Introduction to Yellowbrick

_images/yellowbrickroad.jpg

Image by QuatroCinco, used with permission, Flickr Creative Commons.

Yellowbrick is a new Python library that extends the Scikit-Learn API to incorporate visualizations into the machine learning workflow.

Yellowbrick is an open source, pure Python project that extends Scikit-Learn with visual analysis and diagnostic tools. The Yellowbrick API also wraps matplotlib to create publication-ready figures and interactive data explorations while still allowing developers fine-grain control of figures. For users, Yellowbrick can help evaluate the performance, stability, and predictive value of machine learning models, and assist in diagnosing problems throughout the machine learning workflow.

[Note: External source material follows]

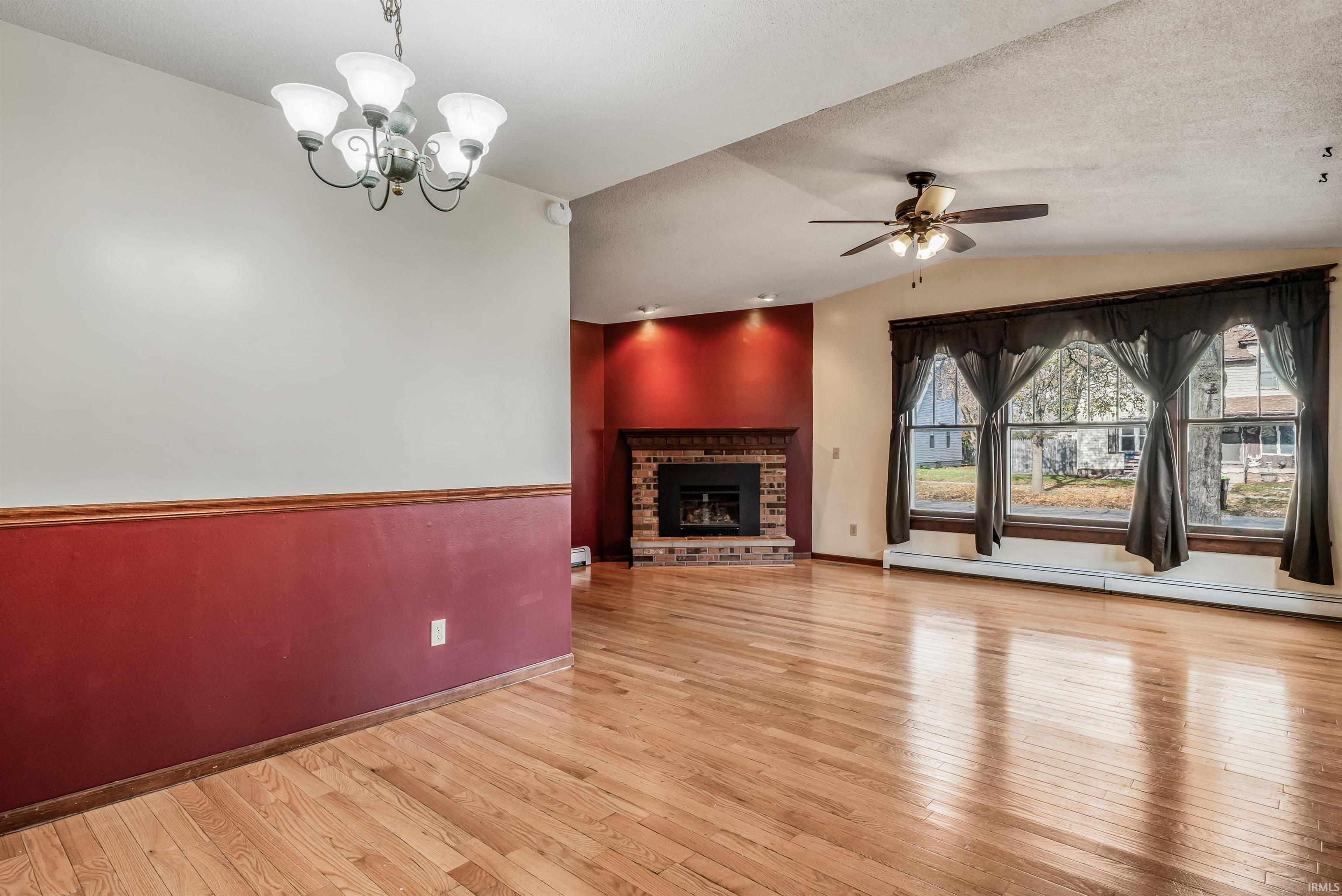 308 West Oak Street Butler, IN 46721 - Photo 7 of 36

Recently, much of this workflow has been automated through grid search methods, standardized APIs, and GUI-based applications. In practice, however, human intuition and guidance can more effectively hone in on quality models than exhaustive search. By visualizing the model selection process, data scientists can steer towards final, explainable models and avoid pitfalls and traps.

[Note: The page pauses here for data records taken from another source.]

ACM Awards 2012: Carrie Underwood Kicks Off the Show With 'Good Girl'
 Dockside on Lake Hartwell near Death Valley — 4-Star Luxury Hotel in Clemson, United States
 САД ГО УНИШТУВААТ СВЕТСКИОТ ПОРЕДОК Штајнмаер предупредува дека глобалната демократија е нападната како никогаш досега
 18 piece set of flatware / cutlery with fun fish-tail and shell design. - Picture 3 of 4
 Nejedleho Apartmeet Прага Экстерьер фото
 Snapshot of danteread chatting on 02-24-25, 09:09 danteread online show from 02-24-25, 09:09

The Yellowbrick library is a diagnostic visualization platform for machine learning that allows data scientists to steer the model selection process. Yellowbrick extends the Scikit-Learn API with a new core object: the Visualizer. Visualizers allow visual models to be fit and transformed as part of the Scikit-Learn Pipeline process, providing visual diagnostics throughout the transformation of high dimensional data.